I have introverted friends, extroverted friends, and those in between. But a major difference I’ve noticed between them is that introverts tend to be the most silent of the group. Although this fact can be fairly oblivious to some, it’s fairly common for an introvert to hear, “you’re so quiet.”

Introverts enjoy their space and their quietness. They hate it when their teacher calls them out by telling them they need to speak up more. They hate it when they’re told their greatest weakness is that they’re afraid to speak.

Throughout my education and career path, I’ve been told numerous times that I need to speak out more and not remain quiet. I’ve been called on by the teacher to sit in the front of the classroom because he would assume I was afraid to talk. I often get called on by presenters because I always appear to be the quiet one in the group.

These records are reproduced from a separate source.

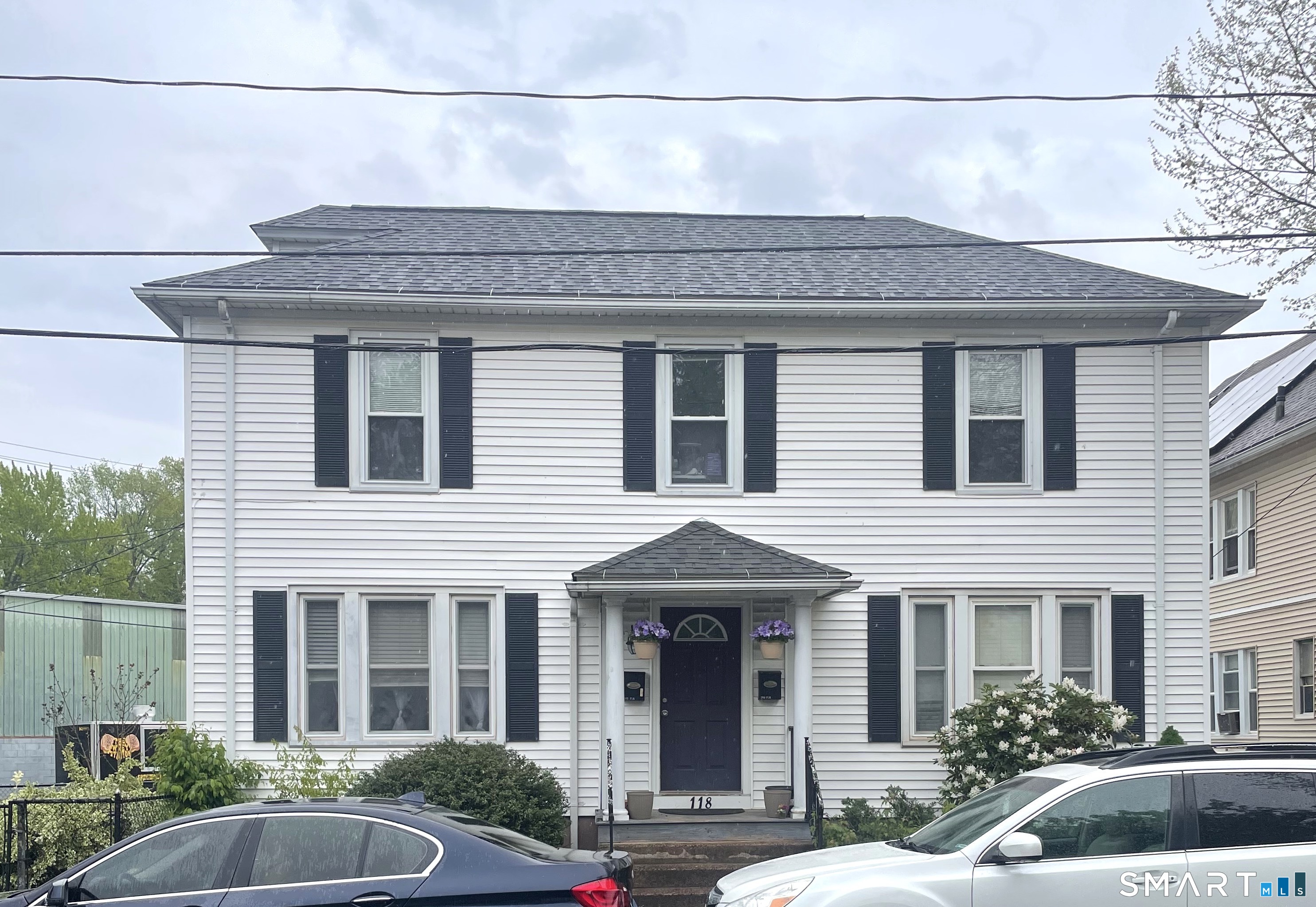 Welcome to 118 Grove Street, a well-maintained two-family property located in the heart of Middletown. Situated on a quiet corner lot in a desirable neighborhood, this home is just minutes from downtown Middletown and Wesleyan University. This property is easy to manage and ideal for both owner-occupants and investors, featuring natural gas, separate utilities, two electric panels, and laundry in each unit. The first-floor unit offers two bedrooms, one full bath, and a formal dining room accented with beautiful crown molding and classic charm throughout. The second-floor unit is a spacious one-bedroom, one-bath layout featuring abundant natural light and a comfortable, functional floor plan. Whether you are looking to expand your investment portfolio or occupy one unit while generating rental income from the other, this property presents a fantastic opportunity. Schedule your showing today! Agent is related to Seller.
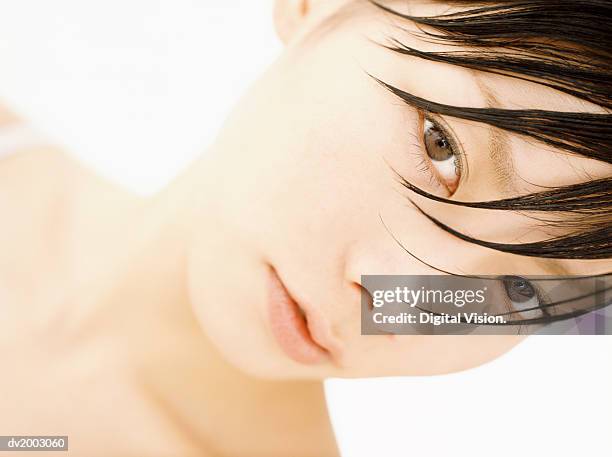 studio portrait of a woman with spiky brown hair - wonky fringe stock pictures, royalty-free photos & images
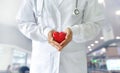 Medicine doctor holding red heart shape, medical techno Royalty Free Stock Photo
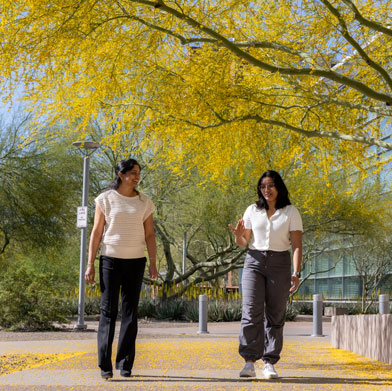 two people walking on a path near trees with yellow leaves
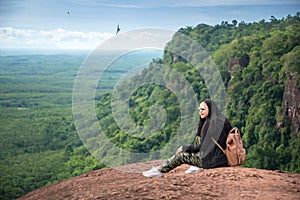 Young woman sitting on a mountain top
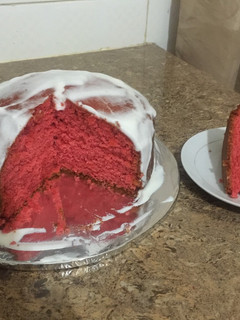 A picture of Semi- naked colored Vanilla cake.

Everyone else might laugh when an introvert is called out for being quiet, but to an introvert, it’s an unwelcome invitation for conversations and to be the center of everyone’s attention. When an introvert is constantly reminded that they’re “shy” or “quiet”, they get an overwhelming urge to prove everyone wrong by pretending to be someone they’re not.

I can’t recall the amount of times I pretended to be a silly clown just to prove I wasn’t the shy introvert who was afraid to speak to people. And by the end of the day, it would exhaust me because I wasted a large amount of energy speaking to people.

So if you have an introverted friend or you’re an introvert yourself who would like to relate to your own experiences, I wanted to list some of the main points that are the reasons an introvert is quiet.

 

They Might be Overwhelmed

Like a battery, an introvert only has a certain amount of energy before they need to shut down and recharge. They might have had a long day at school or at work where they were repeatedly forced to speak to people they barely liked.

What usually helps an introvert recuperate is to isolate themselves for a short period of time before they’re comfortable showing their faces to the world. However, a good sign that an introvert enjoys your presence is when they’re still willing to spend time with you despite the fact they’re standing on 10% battery left.

If an introvert chooses to waste what little energy they have on you, take it as a compliment because they’re doing it FOR YOU. Rather than pin-pointing their obvious quietness and forcing them to apologize for their natural behavior, accept it and wait until they gather the energy to naturally speak without force.

 

They Might Not have a Topic to Relate With

An introvert might not be comfortable with the environment they’re in. Maybe they’re spending time with a group of people they’re not familiar with. Maybe they just arrived to a new party and they’re observing the situation for what it is.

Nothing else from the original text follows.